_Data excerpt_
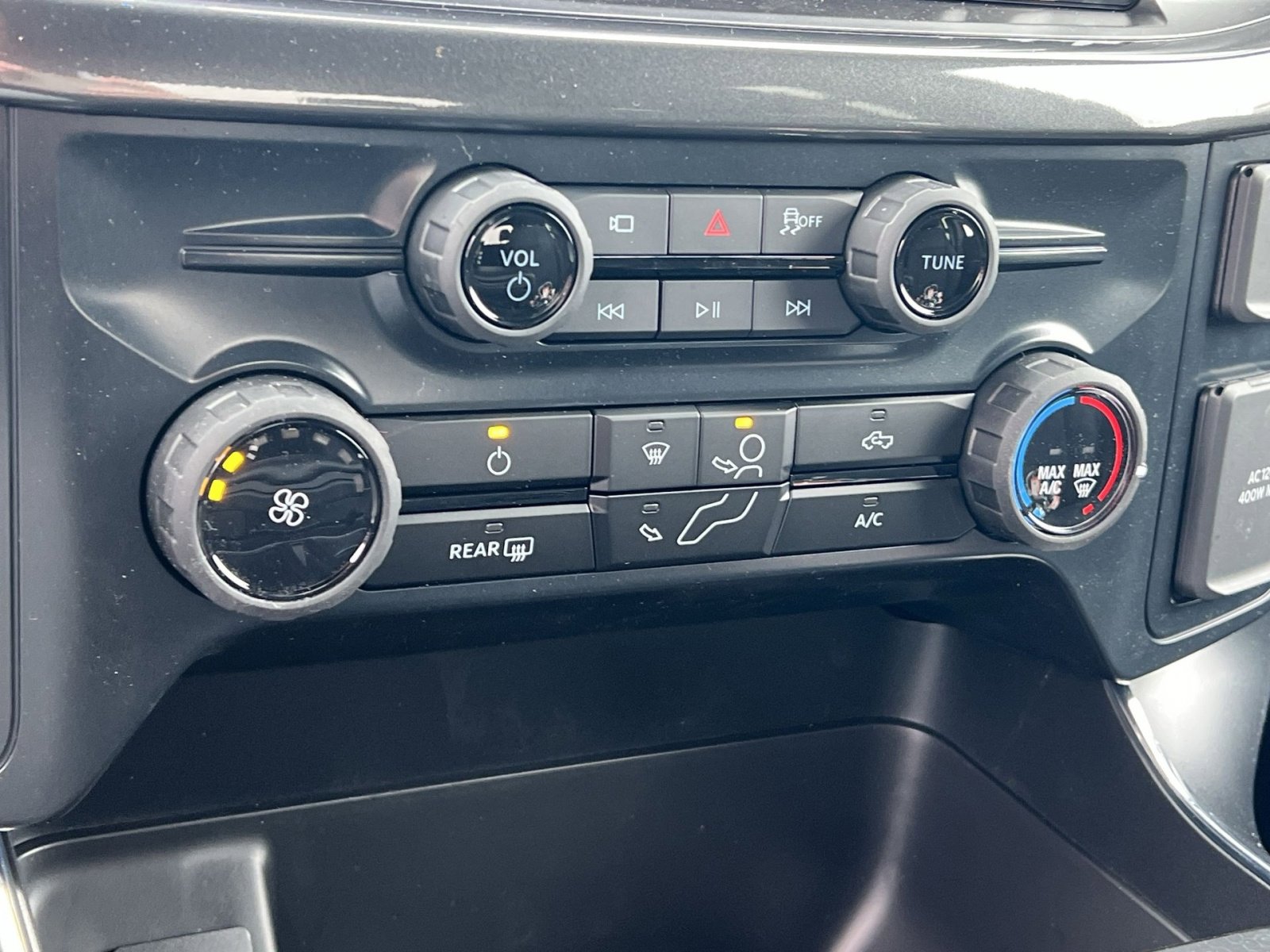 New 2026 Ford F150 STX w/ F-150 LOBO Package image 20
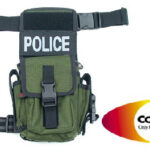 Universal Utility Thigh Pouch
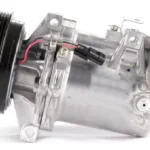 Compresor Aire Acondicionado Fluence Logan Sandero 1.6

_Required action_
Word for word, quote the lines above. Omit the pictures.

_Task answer_
 New 2026 Ford F150 STX w/ F-150 LOBO Package image 20
 Universal Utility Thigh Pouch
 Compresor Aire Acondicionado Fluence Logan Sandero 1.6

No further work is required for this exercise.